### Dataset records
----

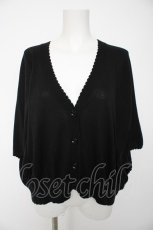 画像1: franche lippee black / シフォンコンビニットカーディガン M 黒 Y-26-09-22-056-LO-TO-SZ-ZY (1)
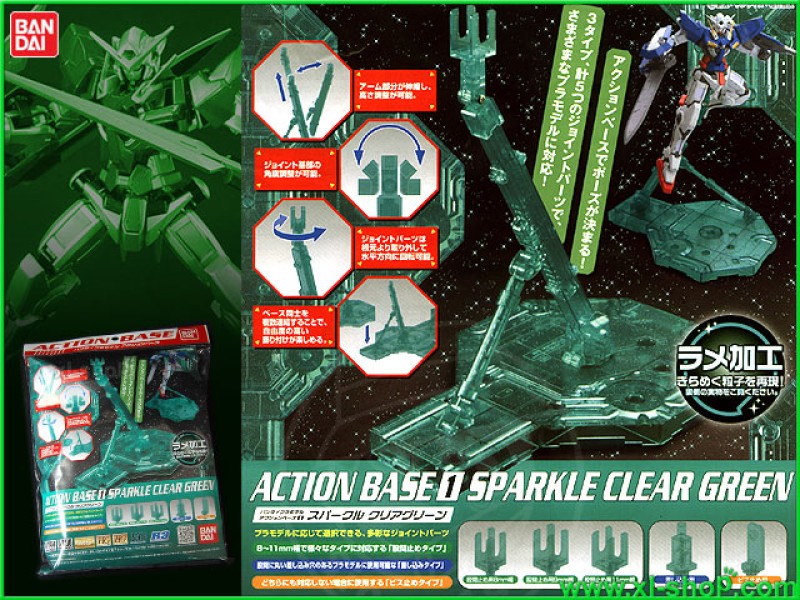 Action base 1 xanh trong suốt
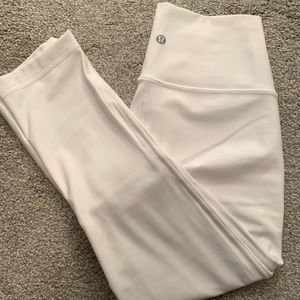 Lululemon wunder under 21" crop white, 4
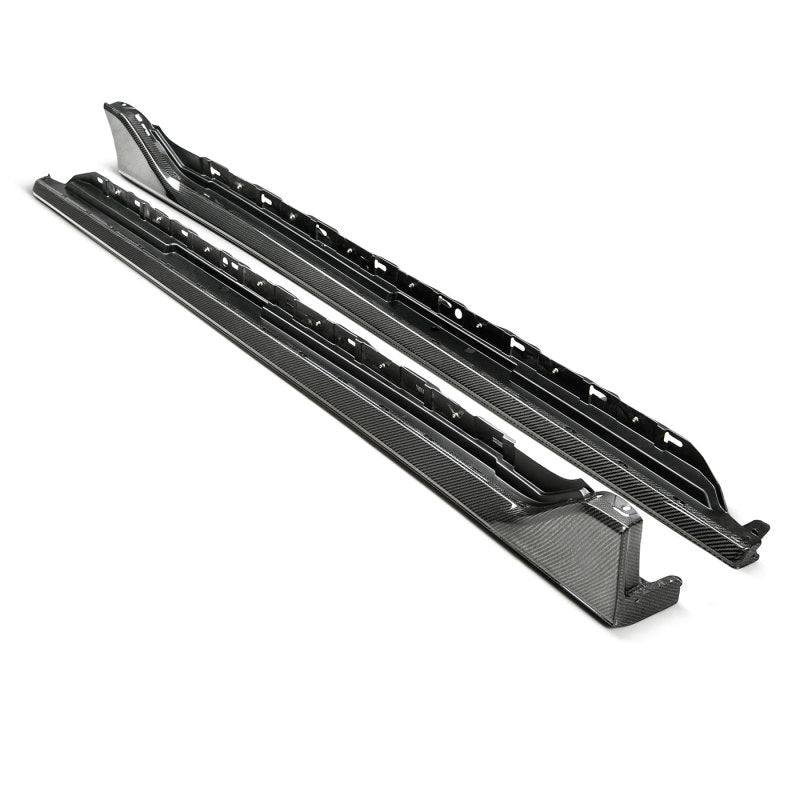 Seibon OE-style carbon fiber side skirts for 2017-2020 Honda Civic Type R - SS17HDCVR-OE Seibon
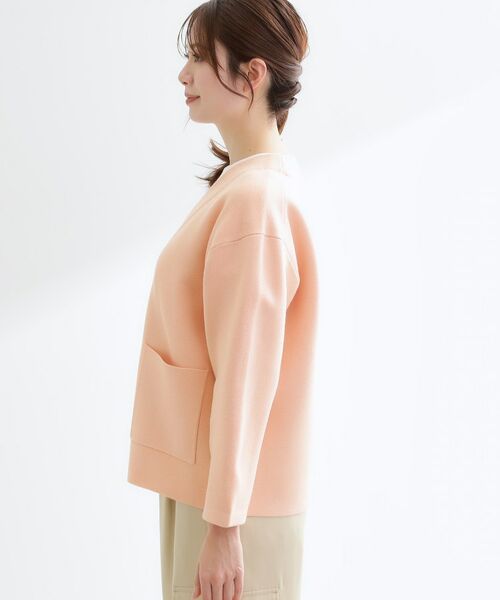 Reflect / リフレクト カーディガン・ボレロ | 【着回し力◎】ジャケット風ニットカーディガン | 詳細15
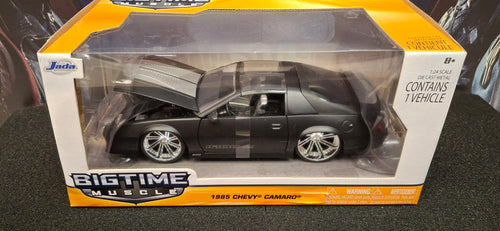 Jada Toys 1/24 Chevy Camaro Z28 1985 IROC-Z Black Matt Big Time Muscle
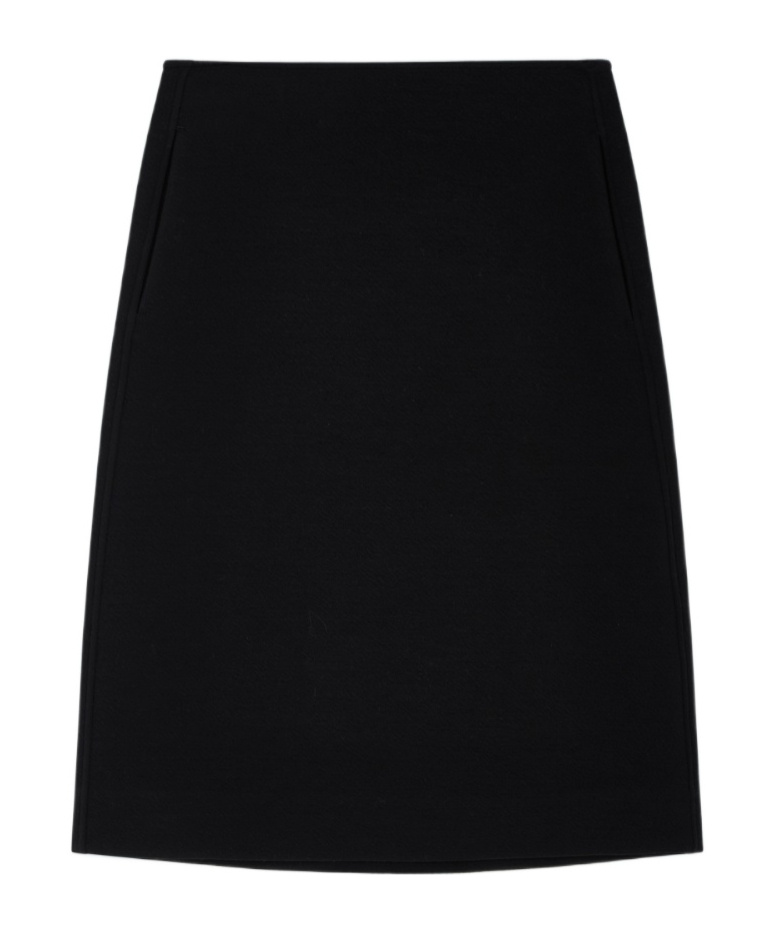 Jil Sander Midi Skirt In Black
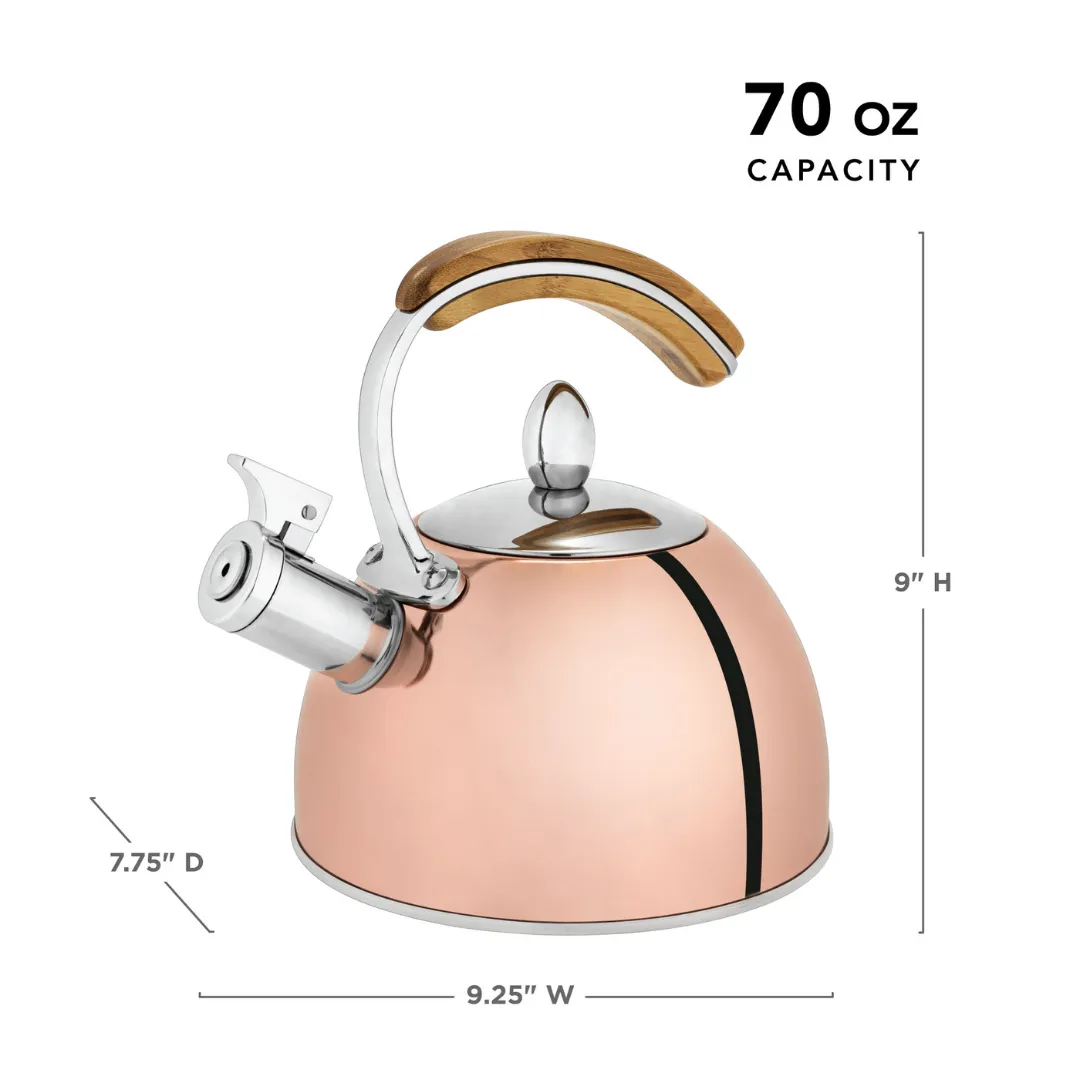 Presley Tea Kettle in Rose Gold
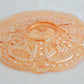 BROCKWITZ Carnival Glass Marigold ASTERS Large Chop Plate Mollaris.com 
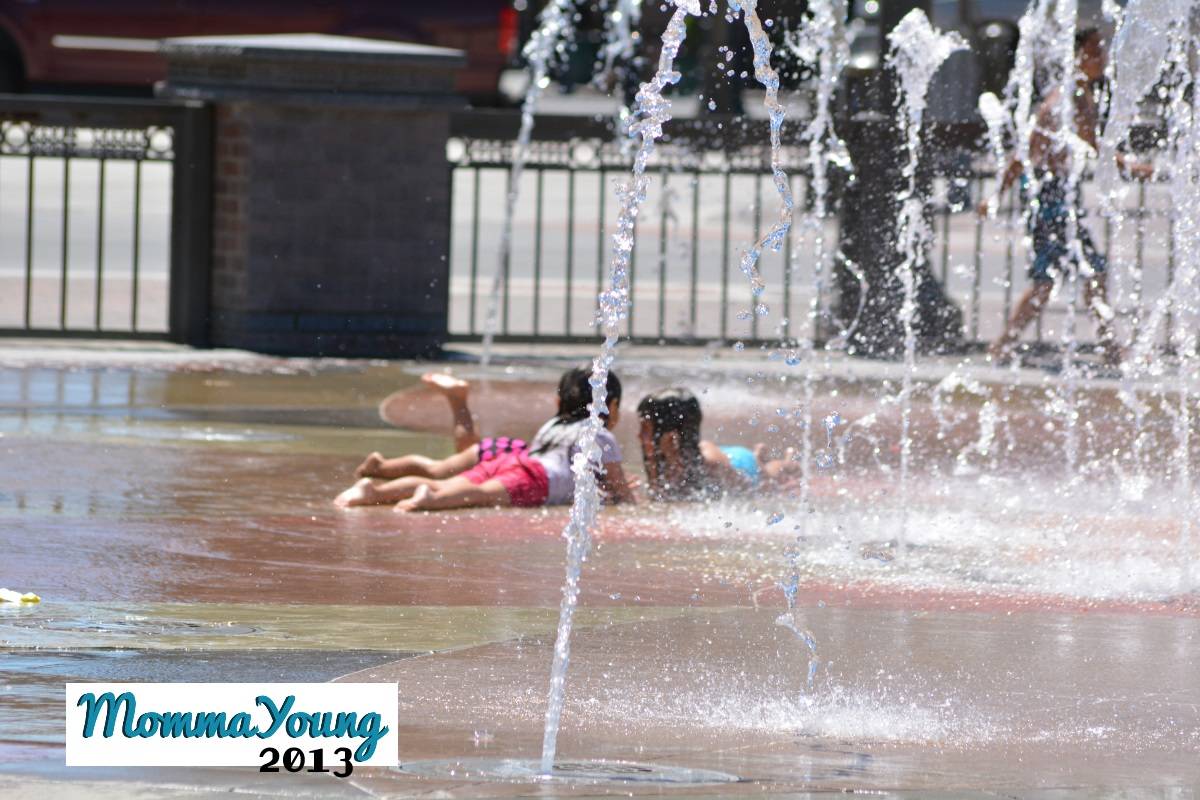 Water Play at the Victorian Fountains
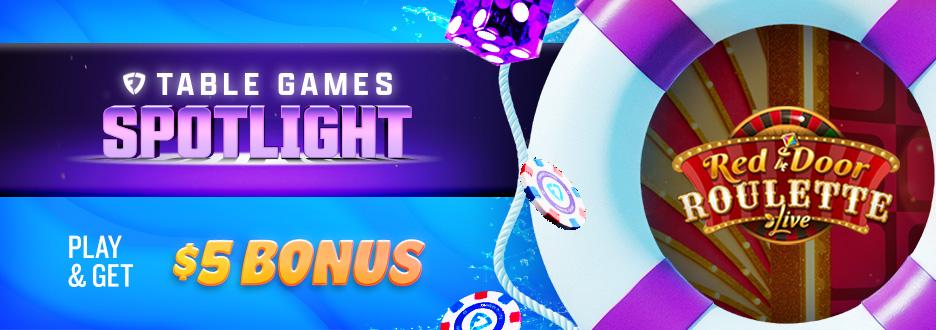 Opt in and play $50+ on Red Door Roulette to get $5 in Casino Bonus! Don’t wait – offer ends Thursday 8/13.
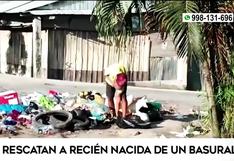 Iquitos: mujer encuentra a recién nacida dentro de una bolsa de plástico en un basural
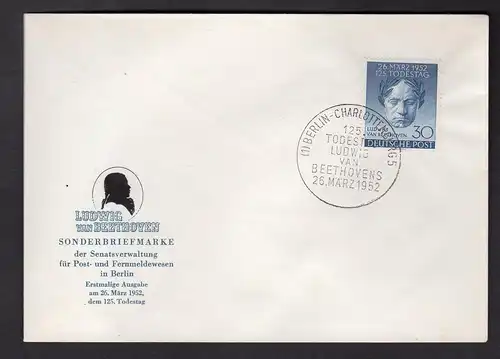 Berlin, FDC Beethoven Mi.-Nr. 87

----

### Problem statement
With all pictures omitted, repeat every record above word for word.

### Solution to this problem
 画像1: franche lippee black / シフォンコンビニットカーディガン M 黒 Y-26-09-22-056-LO-TO-SZ-ZY (1)
 Action base 1 xanh trong suốt
 Lululemon wunder under 21" crop white, 4
 Seibon OE-style carbon fiber side skirts for 2017-2020 Honda Civic Type R - SS17HDCVR-OE Seibon
 Reflect / リフレクト カーディガン・ボレロ | 【着回し力◎】ジャケット風ニットカーディガン | 詳細15
 Jada Toys 1/24 Chevy Camaro Z28 1985 IROC-Z Black Matt Big Time Muscle
 Jil Sander Midi Skirt In Black
 Presley Tea Kettle in Rose Gold
 BROCKWITZ Carnival Glass Marigold ASTERS Large Chop Plate Mollaris.com 
 Water Play at the Victorian Fountains
 Opt in and play $50+ on Red Door Roulette to get $5 in Casino Bonus! Don’t wait – offer ends Thursday 8/13.
 Iquitos: mujer encuentra a recién nacida dentro de una bolsa de plástico en un basural
 Berlin, FDC Beethoven Mi.-Nr. 87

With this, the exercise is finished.